# Requirement:
Start with the line that holds "GRAYS FERRY - Residential Lease". Please copy it and each remaining line below exactly, leaving pictures out.

# The data:
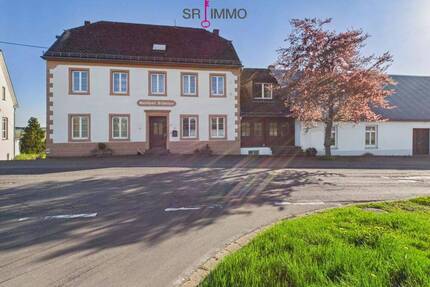 Ehemaliges Gasthaus mit großem Saal mit vielfältigen Nutzungsmöglichkeiten - Üttfeld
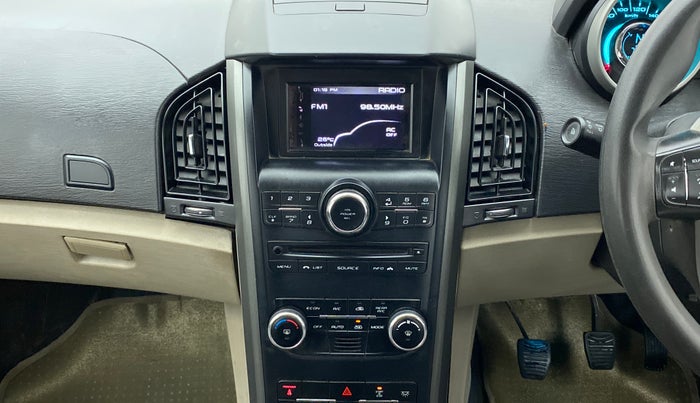 2016 Mahindra XUV500 W6 4X2, Diesel, Manual, 77,738 km, Air Conditioner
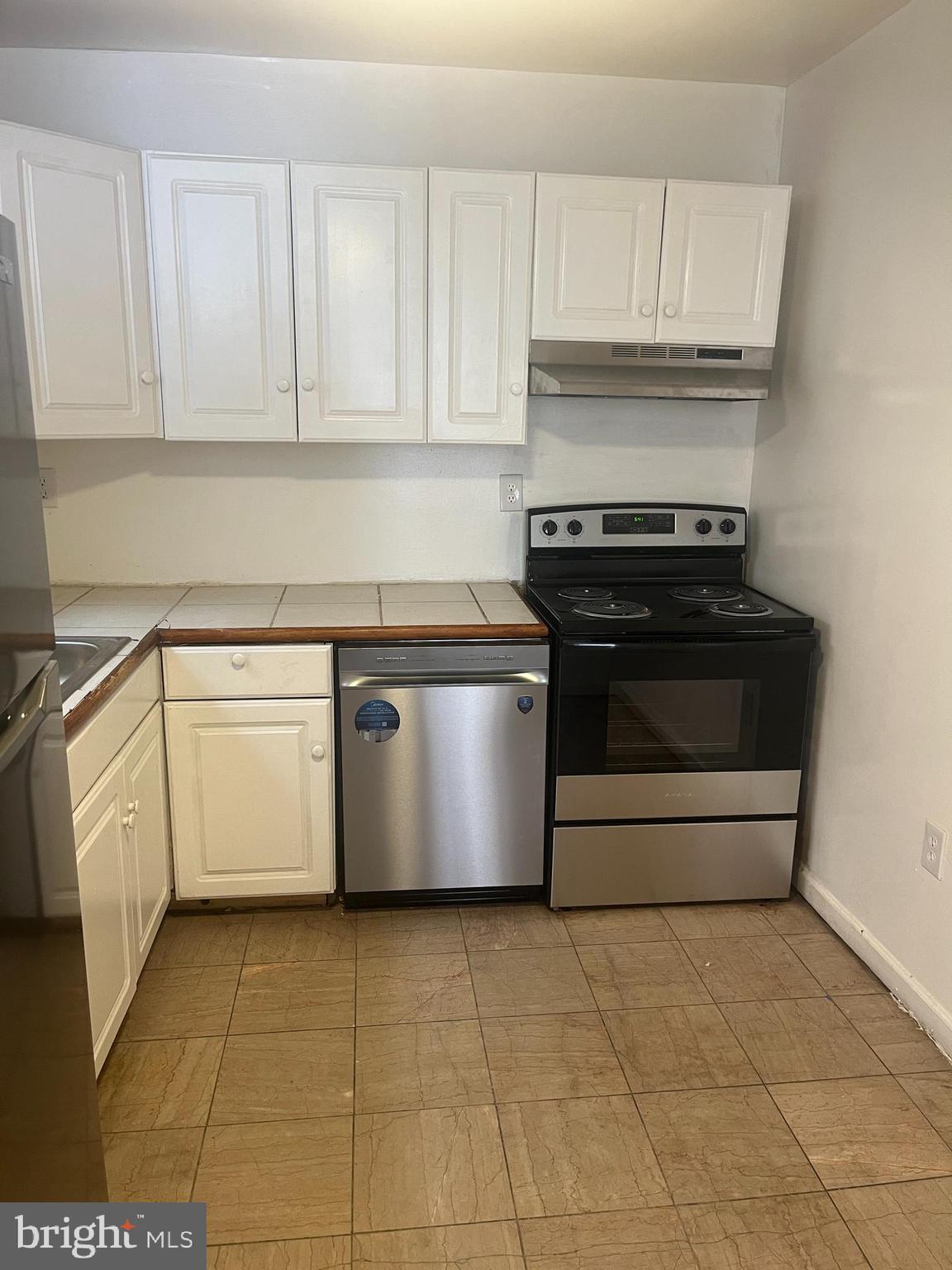 GRAYS FERRY - Residential Lease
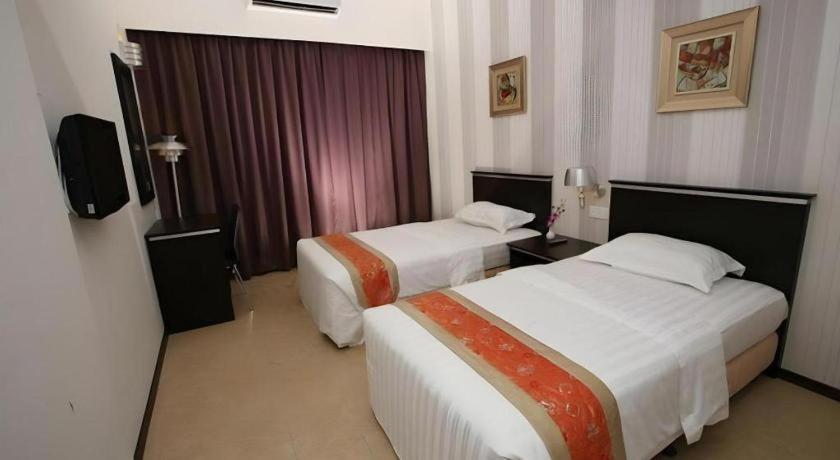 Ritz Garden Hotel ايبوه المظهر الخارجي الصورة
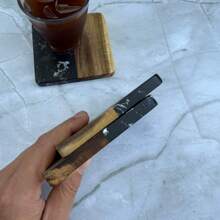 一包 3 个相思木和天然黑石杯垫家庭厨房餐厅酒店酒吧娱乐用品方便实用户外烧烤节日聚会酒吧杯垫咖啡桌杯垫带防滑泡沫垫贴纸，木制工艺杯垫礼品创意 - 彩色 - 查看 5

# Answer to this exercise:
 GRAYS FERRY - Residential Lease
 Ritz Garden Hotel ايبوه المظهر الخارجي الصورة
 一包 3 个相思木和天然黑石杯垫家庭厨房餐厅酒店酒吧娱乐用品方便实用户外烧烤节日聚会酒吧杯垫咖啡桌杯垫带防滑泡沫垫贴纸，木制工艺杯垫礼品创意 - 彩色 - 查看 5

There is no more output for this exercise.